UK charity that works to alleviate poverty and social exclusion

Child Poverty Action Group (CPAG) is a UK charity that works to alleviate poverty and social exclusion.

==History==
The Group first met on 5 March 1965, at a meeting organised by Harriett C. Wilson. It followed the publication of Brian Abel-Smith and Peter Townsend's work Poor and the Poorest: both men were founding members of the Group, as was Harriett Wilson's son John Veit-Wilson, who later became an academic working on social policy.

At the second meeting one of the points raised was "That although increased family allowance might be the simplest and most equitable way of overcoming the poverty of large families, there was likely to be considerable difficulties in bringing about a change of this kind, partly because of the fear that this would tend to encourage people to have large families."

One of its first actions was to send a letter to the Prime Minister, on 22 December 1965, signed by a number of distinguished public figure, which stated:"The signatories of this letter would probably not all agree on the precise details of a scheme for reform: we are agreed, however, that action should be taken to achieve a radical improvement in the standard of living of families in poverty and we wish to bring this memorandum to your attention. We ask that the present arrangements for family allowances and the allowances for children be reconsidered and revised, and that bigger direct allowances be paid in respect of children in the poorest families."Tony Lynes was the first full-time secretary of the Group in 1966. Frank Field served as Director of the Group from 1969 to 1979 and was followed by Ruth Lister (1979–1987) and Fran Bennett, and later by Kate Green (2004–2009). As of 2024, CPAG's director is Alison Garnham, who was appointed to the post in 2010.

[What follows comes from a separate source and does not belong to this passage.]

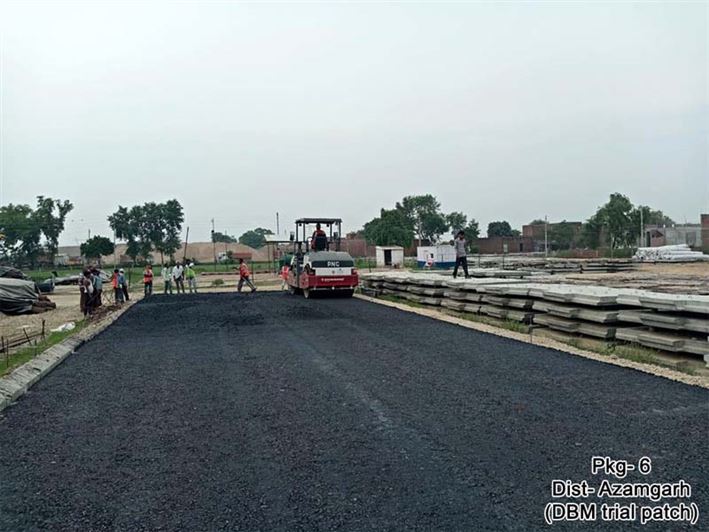 पूर्वांचल एक्सप्रेसवे का निर्माण कार्य प्रगति पर है/Construction Work of Purvanchal Expressway is in Progress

The group was originally conceived as a short-term pressure group specifically on the issue of family allowance (later child benefit). CPAG has been described as "partially successful" in its campaign to increase child benefit in the 1960s.

== Activities ==
CPAG programmes include:
- Research and publish the latest facts and figures of family and child poverty in the UK
- Lobby the UK government, lead and support campaigns for effective policies to prevent, alleviate and abolish child and family poverty
- Provide up to date information and reliable advice on the UK social security and tax credits systems
- Conduct training courses in Welfare Rights, for both new and experienced advisers, to help them keep up to date with developments in social security and tax credits
- Undertake test-cases to extend the interpretation of law in favour of claimants in social security, tax credits and related law using, where appropriate the European Court of Justice and the European Court of Human Rights.